### [What is needed]
In the records that follow, find the line with "B81- Sepatu anak"; from there, retype every line exactly through the line with "Tiga Warga Meninggal", which also belongs to the answer.

### [Study material]
---------------
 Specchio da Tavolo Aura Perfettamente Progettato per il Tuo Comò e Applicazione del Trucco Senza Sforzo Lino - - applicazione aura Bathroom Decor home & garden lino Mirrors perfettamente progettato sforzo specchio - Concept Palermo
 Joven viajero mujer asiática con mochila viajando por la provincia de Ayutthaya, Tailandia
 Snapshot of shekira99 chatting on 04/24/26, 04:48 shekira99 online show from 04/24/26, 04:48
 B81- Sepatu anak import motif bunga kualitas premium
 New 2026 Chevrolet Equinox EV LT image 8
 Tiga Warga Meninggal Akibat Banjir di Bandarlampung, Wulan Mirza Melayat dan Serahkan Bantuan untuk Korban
---------------
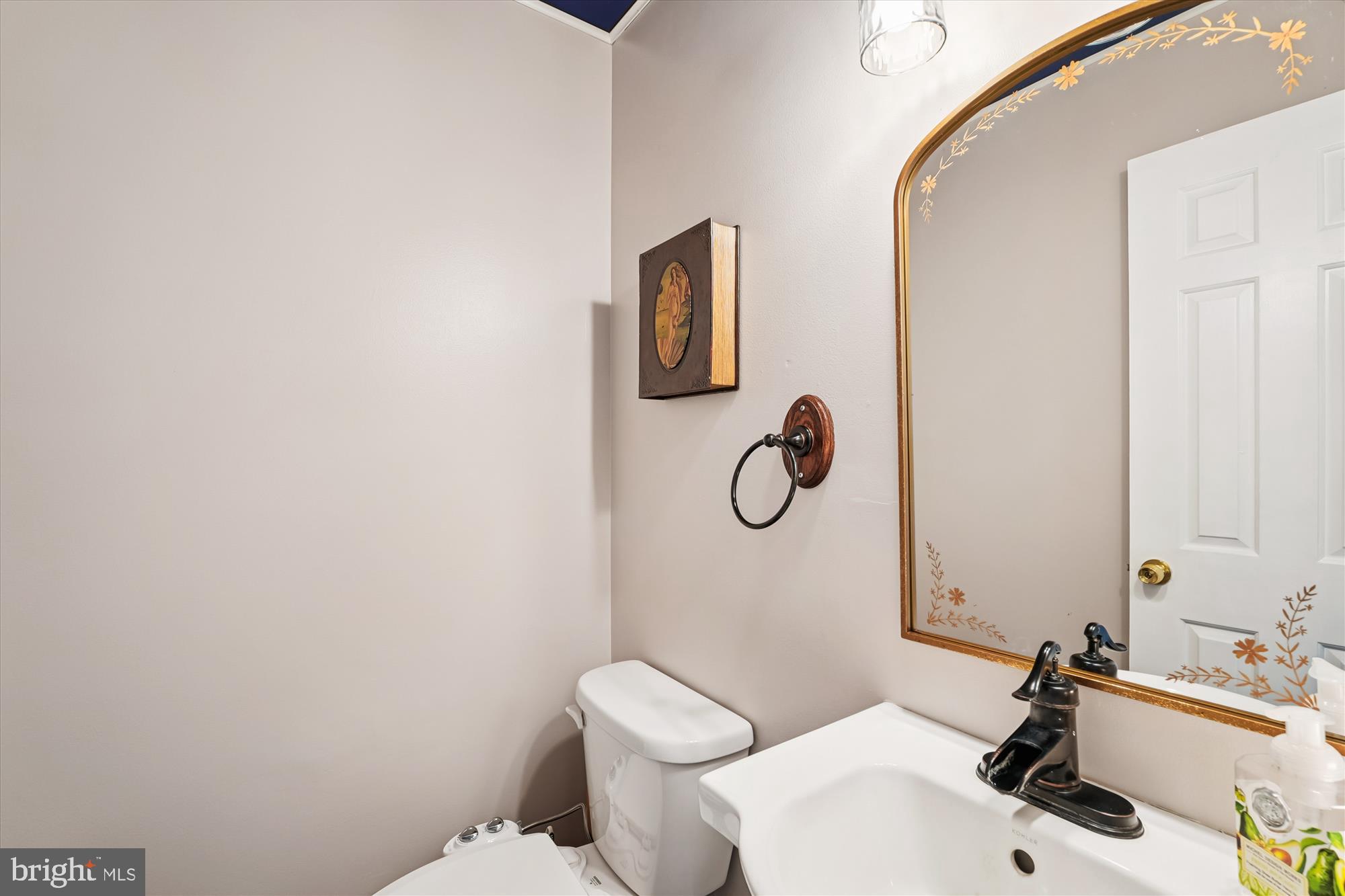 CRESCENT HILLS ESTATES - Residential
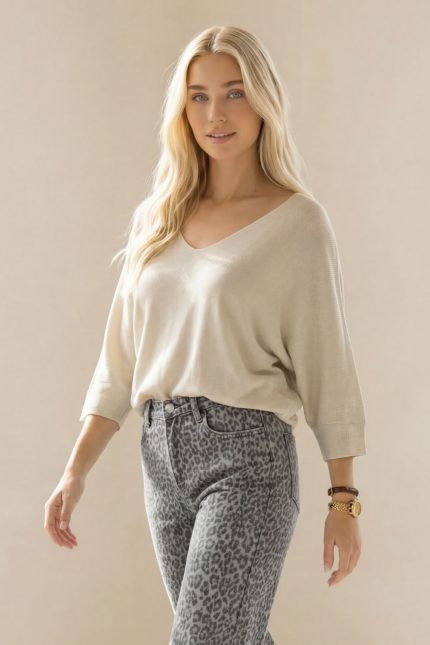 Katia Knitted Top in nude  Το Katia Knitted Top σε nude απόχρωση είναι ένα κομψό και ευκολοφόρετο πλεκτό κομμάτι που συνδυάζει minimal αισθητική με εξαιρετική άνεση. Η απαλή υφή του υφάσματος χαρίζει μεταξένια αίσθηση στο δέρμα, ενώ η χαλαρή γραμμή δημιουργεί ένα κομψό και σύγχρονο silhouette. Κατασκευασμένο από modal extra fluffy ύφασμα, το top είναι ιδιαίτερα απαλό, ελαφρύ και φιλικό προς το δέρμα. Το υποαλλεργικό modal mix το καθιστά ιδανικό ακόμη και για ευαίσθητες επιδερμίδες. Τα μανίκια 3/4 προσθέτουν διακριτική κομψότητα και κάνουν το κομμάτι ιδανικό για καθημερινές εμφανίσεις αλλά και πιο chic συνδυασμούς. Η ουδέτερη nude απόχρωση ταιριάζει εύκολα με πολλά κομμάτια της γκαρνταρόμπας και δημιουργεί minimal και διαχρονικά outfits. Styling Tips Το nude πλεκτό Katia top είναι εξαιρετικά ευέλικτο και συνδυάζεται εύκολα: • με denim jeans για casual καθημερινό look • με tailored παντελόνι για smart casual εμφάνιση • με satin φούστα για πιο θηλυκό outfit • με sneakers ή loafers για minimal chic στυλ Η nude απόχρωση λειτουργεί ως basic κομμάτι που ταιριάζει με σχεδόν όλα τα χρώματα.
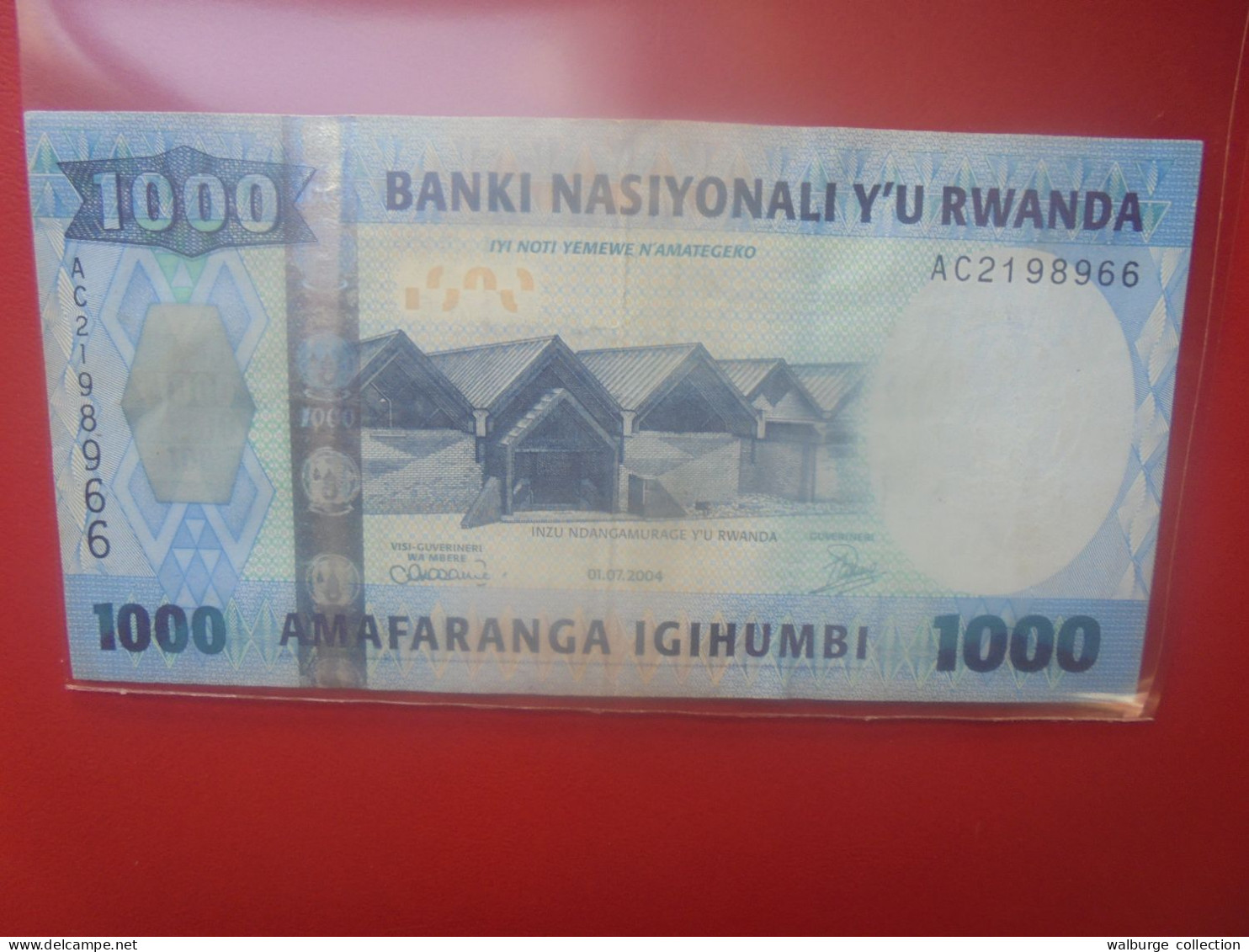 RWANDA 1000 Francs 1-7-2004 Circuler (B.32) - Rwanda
---------------
### [Written solution]
 B81- Sepatu anak import motif bunga kualitas premium
 New 2026 Chevrolet Equinox EV LT image 8
 Tiga Warga Meninggal Akibat Banjir di Bandarlampung, Wulan Mirza Melayat dan Serahkan Bantuan untuk Korban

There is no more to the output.